** Opening Data in this exercise block **

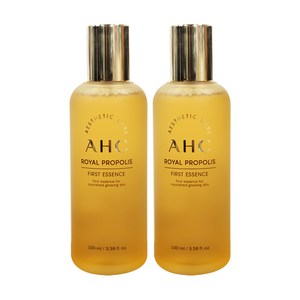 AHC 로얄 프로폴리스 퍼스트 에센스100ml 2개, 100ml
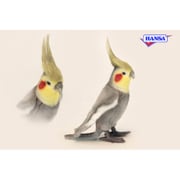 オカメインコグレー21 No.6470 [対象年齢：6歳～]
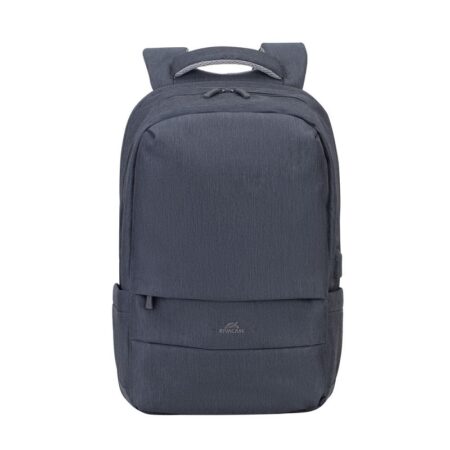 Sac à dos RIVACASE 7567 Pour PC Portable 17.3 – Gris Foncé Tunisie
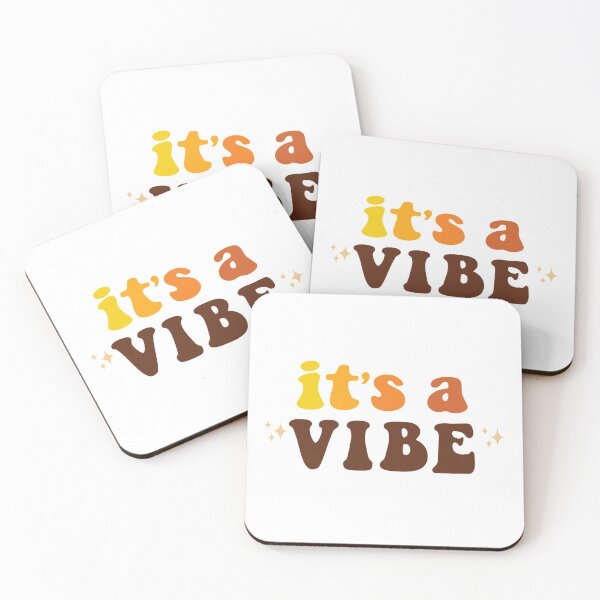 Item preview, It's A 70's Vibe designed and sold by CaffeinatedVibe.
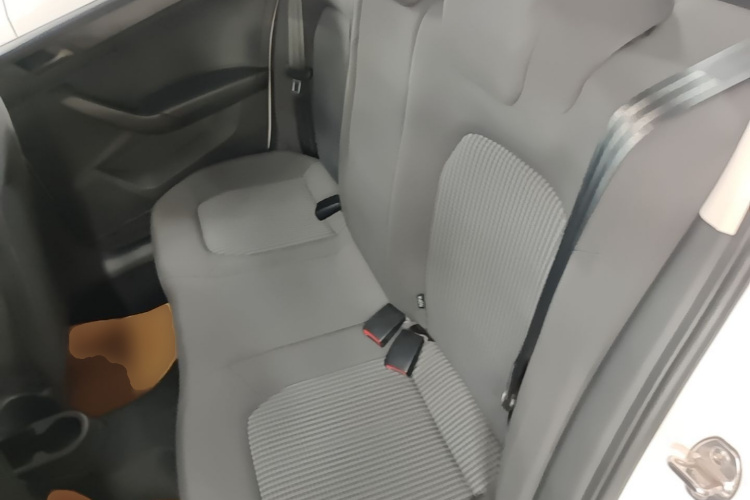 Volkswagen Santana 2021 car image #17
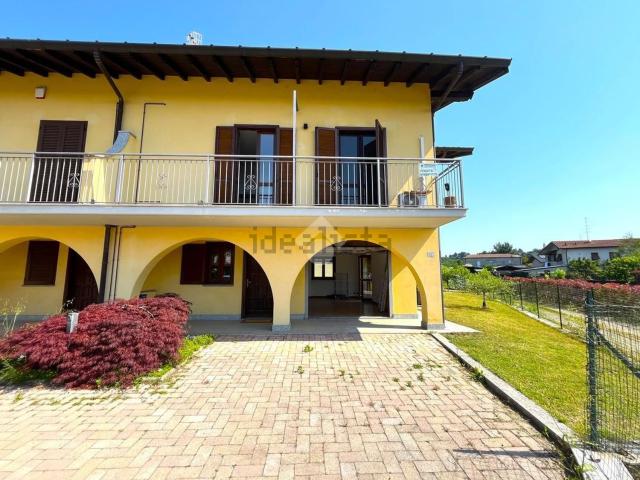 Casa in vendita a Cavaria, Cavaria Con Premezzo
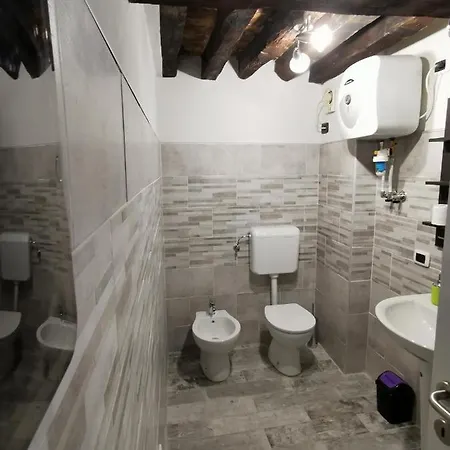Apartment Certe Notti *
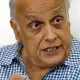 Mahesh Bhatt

** Closing Data in this exercise block **
** Opening Data in this exercise block **

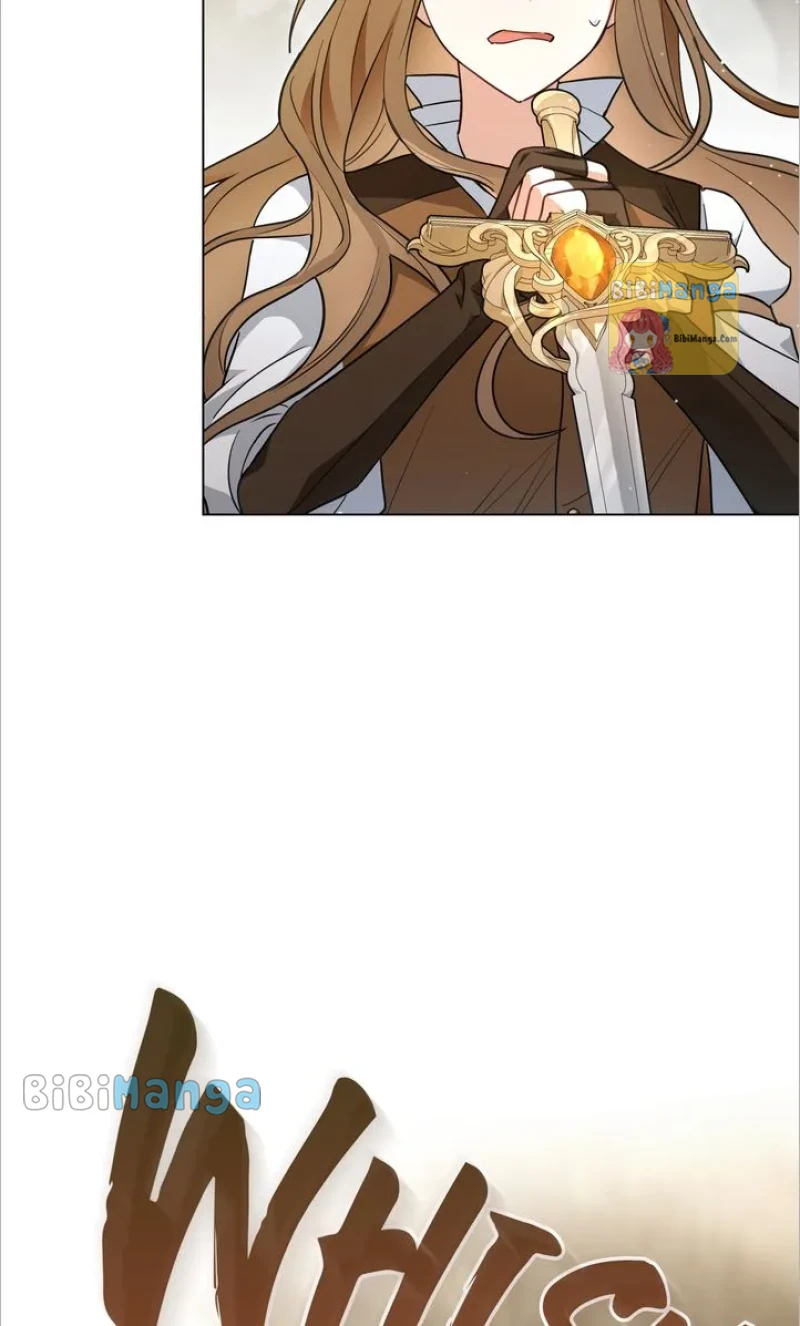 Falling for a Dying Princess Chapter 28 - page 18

** Closing Data in this exercise block **

Task instructions:
Within the listing above, the lines from the one with "AHC 로얄 프로폴리스 퍼스트 에센스100ml 2개, 100ml" through the one with "Mahesh Bhatt" are to be given again word for word. Do not include pictures.

Solution below:
 AHC 로얄 프로폴리스 퍼스트 에센스100ml 2개, 100ml
 オカメインコグレー21 No.6470 [対象年齢：6歳～]
 Sac à dos RIVACASE 7567 Pour PC Portable 17.3 – Gris Foncé Tunisie
 Item preview, It's A 70's Vibe designed and sold by CaffeinatedVibe.
 Volkswagen Santana 2021 car image #17
 Casa in vendita a Cavaria, Cavaria Con Premezzo
Apartment Certe Notti *
 Mahesh Bhatt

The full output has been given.